Tavuklu kereviz yemeği

Kereviz benim hayatıma yeni girdi. 2 yıl oldu tanışalı. Bizim yörenin sofra kültüründe kerevize yer yoktur ne yazık ki. Hep kötülediler; kokar dediler, ben de yemeden nefret ettim! Geçen yıl denemeye karar verdim. Yıllardır haksızlık ettiğim bu vitamin deposu, sağlıklı, kök altın sebzeye :) Artık mutfağımın baş tacı. Daha çok zeytinyağlısını ve yoğurtlu salatasını tükettiğim kerevizi şöyle bir zenginlik katan mutfaksırlarını kutluyorum. Denedim oldu. Çok da güzel oldu. :) Ben malzemeyi yarıya indirerek kullandım. Çünkü evde yalnız tüketiyorum bu sebzeyi :( Tarife geçelim.



Malzemeler:
100 gr tavuk eti
1 adet orta boy soğan
1 adet orta boy kereviz
1 adet orta boy havuç
1 adet kırmızı tatlı biber
2-3 yemek kaşığı zeytinyağı
tuz ve karabiber
1 su bardağından az fazla sıcak su

Yapılışı:

1- Soğanı yemeklik doğrayın, biberin çekirdeklerini çıkarttıktan sonra ince ince kıyın.
2- Kerevizleri soyup küp küp doğrayın. Tavuk etlerinin varsa derisini alın ve kerevizlerin büyüklüğünde doğrayın.
3- Zeytinyağını tencereye alın soğanları atarak kısık ateşte kavurun (daha sağlıklı olmasını istiyorsanız biraz da su ekleyin, biliyorsunuz ki kavrulan yiyeceklerin kalorisi katlanıyor), hafifçe pembeleşen soğanlara tekerlek şeklinde doğradığınız havucu da ekleyerek 2 dakika daha kavurun.
4- Küp küp doğradığınız tavukları ve kıydığınız biberleri ekleyin. Tavuklar suyunu salıp çekinceye kadar kavurun.
5- Pişip beyazlaşan tavuklara kerevizleri ekleyin ve 1-2 kez çevirin, tuz ve biber ile tatlandırın.
6- Tencereye kerevizlerin boyuna gelecek kadar sıcak su doldurun, tencerenin kapağını kapatarak kerevizler ve tavuklar yumuşayıncaya kadar kısık ateşte pişirin. Bekleme aşamasında, yıkayıp, limonlu suda beklettim kerevizlerimi. Suyunu ekleme sırası gelince de bu limonlu suyu ekledim. Biraz mayhoş bir lezzet isteyenler deneyebilir; ben çok sevdim. Görüşmek dileğiyle..

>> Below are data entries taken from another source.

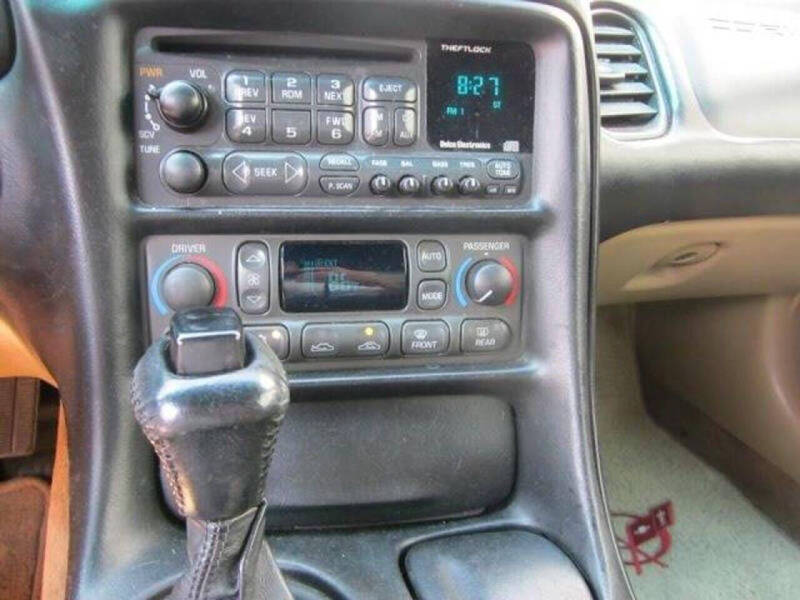 1998 Chevrolet Corvette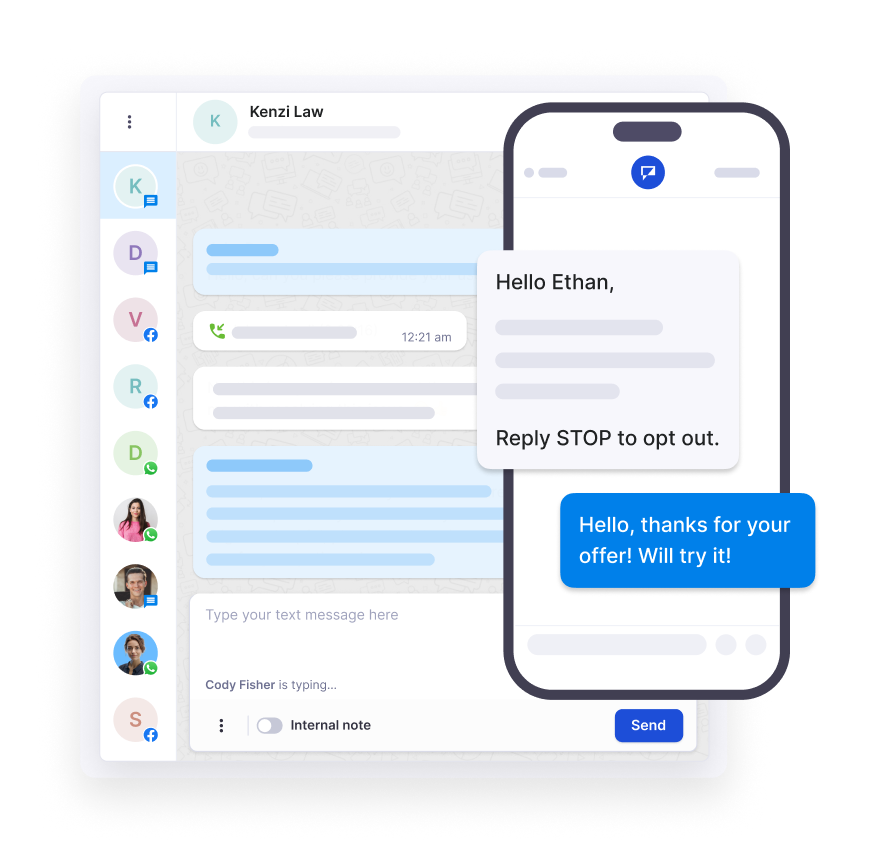 Go beyond basic texting tools.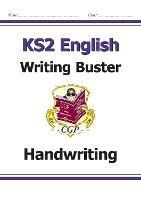KS2 English Writing Buster - Handwriting - CGP Books - cover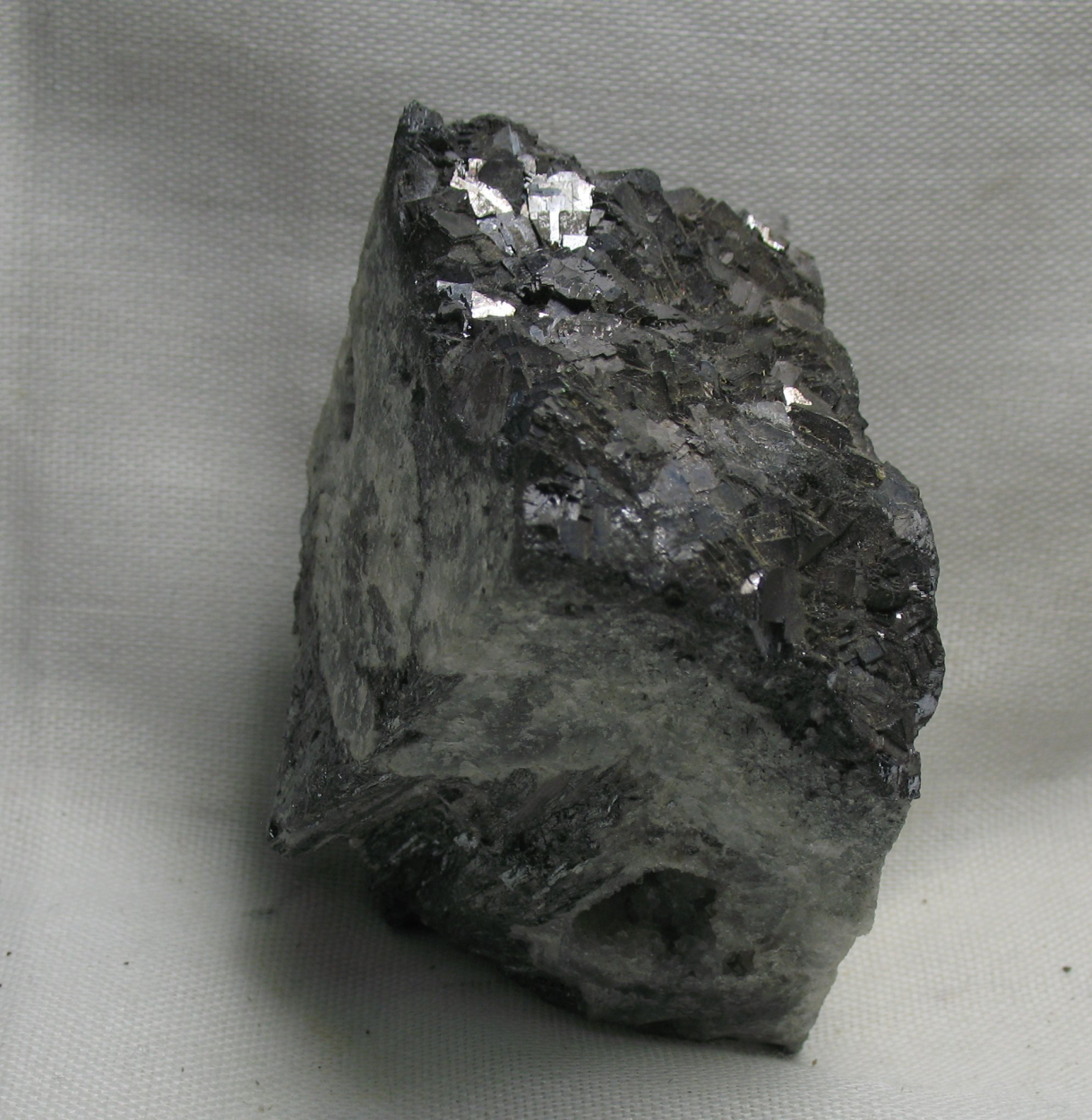 Stibnite & Galena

Kocaman bir Selam ve Ayva tatlısı..

                   Merhabalar!  Mutfağı çok seven biri; vakit buldukça blogları karıştıran farklı lezzetler denemeyi seven, yaptığı yemekleri fotoğraflayıp arşivleyen, çok yığıldığını  görünce de ''E benim de bir bloğum olsun bari!'' diyerek işe koyulan bir anne, öğretmen, ev hanımıyım ben. Vakit buldukça buradayım. :) İlk tarifim bir meyve tatlısı. E mevsimi geçmeden yayınlamalı; bir de tatlı başlamalı ki tatlı tatlı devam etsin!  İlk defa Ayva Tatlısı yaptım.  Yıllar önce keşfettiğim ve aslında çok da ünlü olan Sevgili Portakal Ağacından aldığım tarife göre yaptım. Çok da güzel oldu. Tekrar görüşmek dileğiyle.. 


  • 5 adet ayva
  • 1 kg toz şeker
  • 1/2 çay kaşığı gıda boyası
  • 7-8  adet karanfil
  • ayva çekirdekleri
hazırlanması:
  1. Ayvaları  soyup ikiye bölün. Çekirdek yataklarını çıkarıp çekirdeklerini bir kenarda bekletin
  2. Temizlenen ayvaları yayvan bir tencereye yanyana dizin.  Bir su bardağı kadar suda eritilmiş gıda boyasını üzerine dökün.
  3. Şekeri, karanfilleri ve ayva çekirdeklerini ekleyin. Ayvaların yarısına gelecek kadar soğuk su koyarak pişirin.(Pişerken taşabilir; dikkat edin.)  Piştikten sonra soğumasını bekleyin.
  4. Daha sonra bir servis tabağına alıp arzuya göre dondurma; muhallebi ve ya kaymakla servis edin. 
  5. Üzerini süslemek için damak tadınıza göre ceviz, fındık ve ya fıstık kullanabilirsiniz.